Boston Marathon Date and Registration for 2018
So when is the Boston marathon taking place in 2018? Qualifications start as early as the previous year; the date for the 2018 Boston marathon is April 16th, which is also Patriot’s Day.
The 2017 marathon was held on April 17th. The Boston marathon registrations for 2018 open September 11th, 2017 at 10:00 A.M. Eastern Time, and closes on September 20th, 2017 at 5:00 P.M. ET. During this registration, entry would be given to the fastest runners based on their gender and age group.
And that’s officially the initial period. But don’t lose heart if you do not make it in the first registration period because if there are spots still available post the initial period, then the Boston Marathon Registration will open for a second time on Monday, September 25th. And this time, the registration will remain open for qualifying runners, on a first-come, first-served basis until the maximum field size, roughly 24000, is reached.
To run the qualifying distances, you can’t just choose any terrain or route and clock in your time. There are tracks and courses specifically chosen for running Boston marathon qualifying races, which are certified by the USA Track & Field. For overseas aspiring participants, the marathons that they need to run to qualify for Boston should be accredited or recognized by their respective country’s athletic body.
And that’s just the beginning!
You can have a look at the Ultimate Marathon Running Guide: From Start to Finish
Boston Marathon Qualifying Times
How to qualify for Boston Marathon 2018?
The Boston Athletic Association (BAA) establishes a set of qualifying times for every year’s marathon. These times are divided into age groups and further categorized according to gender. The times change every year depending mainly on the number of participants. The qualifying times for Boston 2017 differed from those for Boston 2016, and the same can be expected this year. The BAA has already released the Boston qualifying times for 2018. Let’s take a look.
And now for the catch!
Completing a run or marathon within the Boston qualifying time does not guarantee a runner a spot in the marathon. Owing to the very high number of registrations, only the fastest finishers in their age and gender category are selected to run on race day. Hence, the initial registrations, i.e from September 11-20, are not on a first come, first served basis.

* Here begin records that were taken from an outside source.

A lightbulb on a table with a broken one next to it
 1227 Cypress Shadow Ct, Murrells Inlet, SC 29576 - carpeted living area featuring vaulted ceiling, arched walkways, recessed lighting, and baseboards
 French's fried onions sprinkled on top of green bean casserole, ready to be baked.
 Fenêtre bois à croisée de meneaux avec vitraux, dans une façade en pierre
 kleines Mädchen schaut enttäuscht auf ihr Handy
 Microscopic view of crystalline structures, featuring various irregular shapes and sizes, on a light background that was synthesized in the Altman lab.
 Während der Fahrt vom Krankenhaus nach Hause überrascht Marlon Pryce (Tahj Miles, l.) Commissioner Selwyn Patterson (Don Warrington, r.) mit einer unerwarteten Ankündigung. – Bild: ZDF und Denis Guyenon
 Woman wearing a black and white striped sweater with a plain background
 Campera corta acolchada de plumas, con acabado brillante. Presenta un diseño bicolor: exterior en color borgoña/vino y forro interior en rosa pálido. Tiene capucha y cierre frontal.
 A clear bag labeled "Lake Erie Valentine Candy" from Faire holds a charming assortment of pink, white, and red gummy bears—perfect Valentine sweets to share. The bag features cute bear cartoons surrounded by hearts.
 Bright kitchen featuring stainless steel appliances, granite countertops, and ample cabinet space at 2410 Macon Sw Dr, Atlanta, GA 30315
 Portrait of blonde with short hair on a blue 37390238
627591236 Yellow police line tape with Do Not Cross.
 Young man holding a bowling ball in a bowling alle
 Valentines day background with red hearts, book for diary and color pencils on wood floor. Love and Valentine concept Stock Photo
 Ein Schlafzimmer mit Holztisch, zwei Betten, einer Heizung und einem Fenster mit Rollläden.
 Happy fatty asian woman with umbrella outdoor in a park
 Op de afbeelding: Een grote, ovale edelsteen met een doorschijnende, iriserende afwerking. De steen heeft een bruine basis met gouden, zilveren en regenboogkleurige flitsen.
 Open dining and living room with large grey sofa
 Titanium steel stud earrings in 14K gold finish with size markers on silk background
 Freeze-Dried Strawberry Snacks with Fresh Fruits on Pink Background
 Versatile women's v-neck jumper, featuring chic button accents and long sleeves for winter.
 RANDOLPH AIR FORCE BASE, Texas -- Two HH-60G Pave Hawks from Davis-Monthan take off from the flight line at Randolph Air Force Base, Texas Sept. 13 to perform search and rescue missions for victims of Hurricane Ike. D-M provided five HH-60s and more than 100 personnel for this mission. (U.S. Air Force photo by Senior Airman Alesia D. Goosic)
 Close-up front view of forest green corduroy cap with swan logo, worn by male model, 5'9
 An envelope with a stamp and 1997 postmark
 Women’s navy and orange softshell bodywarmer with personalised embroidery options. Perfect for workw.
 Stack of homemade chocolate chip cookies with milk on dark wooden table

This consequently means that running within the qualifying time isn’t enough to snag a spot in the race; a runner needs to finish a few minutes before the qualifying time. In case of Boston 2018, this time is 2 minutes and 9 seconds.
Reduce this time from the qualifier for your age group and gender, and you will arrive at the actual time you need to run to qualify. Boston Athlete Association accepts qualifying times from USATF or AIMS certified courses for the coveted race.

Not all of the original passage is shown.